Seth Brown is director for storm water programs for the Water Environment Federation and principal founder of Storm and Stream Solutions. Brown can be reached at [email protected].

A new baseball season is starting, so with this in mind I want to make a connection between a shift in baseball and one that may be happening now in the storm water sector. I recently spent a few days in the Oakland, Calif., area to participate in a meeting with some great minds in the storm water sector. I mention that this event took place in Oakland for a specific reason—“Moneyball,” the well-known book (and movie featuring Brad Pitt) about the rise of big data in baseball focused on the 2002 Oakland Athletics baseball team and the organization’s embrace of a new approach to measuring baseball statistics. The connection between storm water and a book that focused on data in baseball may seem obtuse, so let me explain.

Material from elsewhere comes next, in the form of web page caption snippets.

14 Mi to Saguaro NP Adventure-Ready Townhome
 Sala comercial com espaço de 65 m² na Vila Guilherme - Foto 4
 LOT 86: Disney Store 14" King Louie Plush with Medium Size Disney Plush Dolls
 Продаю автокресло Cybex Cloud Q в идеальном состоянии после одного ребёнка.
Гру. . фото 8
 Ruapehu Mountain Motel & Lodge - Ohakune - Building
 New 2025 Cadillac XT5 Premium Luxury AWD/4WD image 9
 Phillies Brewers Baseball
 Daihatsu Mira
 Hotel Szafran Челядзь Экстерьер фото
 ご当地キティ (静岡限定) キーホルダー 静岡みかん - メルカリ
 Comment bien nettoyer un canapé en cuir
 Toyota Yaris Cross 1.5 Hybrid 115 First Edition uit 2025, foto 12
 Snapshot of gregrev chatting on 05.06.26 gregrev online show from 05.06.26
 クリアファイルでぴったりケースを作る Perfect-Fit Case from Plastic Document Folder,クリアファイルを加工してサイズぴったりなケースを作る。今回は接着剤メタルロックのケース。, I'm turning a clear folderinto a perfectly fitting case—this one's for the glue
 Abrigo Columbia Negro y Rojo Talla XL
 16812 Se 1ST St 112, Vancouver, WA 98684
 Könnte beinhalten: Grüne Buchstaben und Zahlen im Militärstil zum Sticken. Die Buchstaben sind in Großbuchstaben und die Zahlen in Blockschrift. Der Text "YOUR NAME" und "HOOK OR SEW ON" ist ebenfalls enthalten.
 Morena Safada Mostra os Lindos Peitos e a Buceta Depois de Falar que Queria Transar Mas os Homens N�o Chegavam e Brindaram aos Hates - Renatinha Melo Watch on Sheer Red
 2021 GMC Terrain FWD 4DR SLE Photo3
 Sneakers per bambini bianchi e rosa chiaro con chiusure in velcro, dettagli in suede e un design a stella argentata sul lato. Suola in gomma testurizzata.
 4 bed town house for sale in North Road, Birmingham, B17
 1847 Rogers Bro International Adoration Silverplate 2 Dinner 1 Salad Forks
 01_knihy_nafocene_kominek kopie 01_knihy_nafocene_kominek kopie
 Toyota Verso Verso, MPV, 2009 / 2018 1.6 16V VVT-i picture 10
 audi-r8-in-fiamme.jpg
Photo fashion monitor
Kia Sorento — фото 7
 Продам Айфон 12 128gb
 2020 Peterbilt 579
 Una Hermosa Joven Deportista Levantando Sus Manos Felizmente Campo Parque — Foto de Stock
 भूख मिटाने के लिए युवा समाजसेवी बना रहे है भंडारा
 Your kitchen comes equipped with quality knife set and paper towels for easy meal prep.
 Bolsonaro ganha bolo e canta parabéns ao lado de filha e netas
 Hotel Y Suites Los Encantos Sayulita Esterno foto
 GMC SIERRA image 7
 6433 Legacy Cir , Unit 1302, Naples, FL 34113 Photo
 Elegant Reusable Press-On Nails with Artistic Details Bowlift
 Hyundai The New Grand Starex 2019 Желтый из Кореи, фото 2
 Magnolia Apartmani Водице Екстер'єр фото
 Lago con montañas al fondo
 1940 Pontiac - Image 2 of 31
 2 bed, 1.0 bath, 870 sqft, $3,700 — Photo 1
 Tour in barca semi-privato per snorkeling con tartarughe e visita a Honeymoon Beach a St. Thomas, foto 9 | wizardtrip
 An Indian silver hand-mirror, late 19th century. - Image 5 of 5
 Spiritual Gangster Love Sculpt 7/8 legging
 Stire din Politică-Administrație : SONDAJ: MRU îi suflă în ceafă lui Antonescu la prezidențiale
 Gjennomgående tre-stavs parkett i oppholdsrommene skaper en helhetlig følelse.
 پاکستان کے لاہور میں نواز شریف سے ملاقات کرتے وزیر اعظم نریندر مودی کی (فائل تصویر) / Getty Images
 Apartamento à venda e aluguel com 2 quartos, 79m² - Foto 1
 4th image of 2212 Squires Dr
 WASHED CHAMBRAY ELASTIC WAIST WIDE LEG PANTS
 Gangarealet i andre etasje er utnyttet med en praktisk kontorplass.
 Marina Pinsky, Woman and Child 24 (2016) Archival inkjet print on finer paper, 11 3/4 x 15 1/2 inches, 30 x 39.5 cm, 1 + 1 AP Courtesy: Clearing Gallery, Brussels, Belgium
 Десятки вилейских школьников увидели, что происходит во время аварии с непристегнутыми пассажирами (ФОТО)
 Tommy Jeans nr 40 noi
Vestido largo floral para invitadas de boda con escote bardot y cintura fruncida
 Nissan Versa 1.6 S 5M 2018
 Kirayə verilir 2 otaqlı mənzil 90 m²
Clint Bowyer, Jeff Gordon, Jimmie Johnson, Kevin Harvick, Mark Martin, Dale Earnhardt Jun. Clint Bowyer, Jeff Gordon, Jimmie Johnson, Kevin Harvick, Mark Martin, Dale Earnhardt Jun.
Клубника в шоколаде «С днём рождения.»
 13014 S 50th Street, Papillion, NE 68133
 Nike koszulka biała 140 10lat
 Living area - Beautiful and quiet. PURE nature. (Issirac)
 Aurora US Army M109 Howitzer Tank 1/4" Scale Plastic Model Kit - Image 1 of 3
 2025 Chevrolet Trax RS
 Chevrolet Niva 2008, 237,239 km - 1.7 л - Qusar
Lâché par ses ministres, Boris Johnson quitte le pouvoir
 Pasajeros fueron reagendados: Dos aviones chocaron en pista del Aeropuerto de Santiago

“Moneyball” is a term that refers as much to the revolutionary shift in the mindset of an industry as it does to a specific baseball team or season. For many years—more than 100 years—baseball was led by professional scouts, managers and coaches who made choices using intuition and limited statistical metrics rather than robust data mining and in-depth statistical analysis. Decisions made this way ranged from which players would be drafted or promoted to higher levels within the minor league system to where players should be positioned in the field to the order of batters in the lineup.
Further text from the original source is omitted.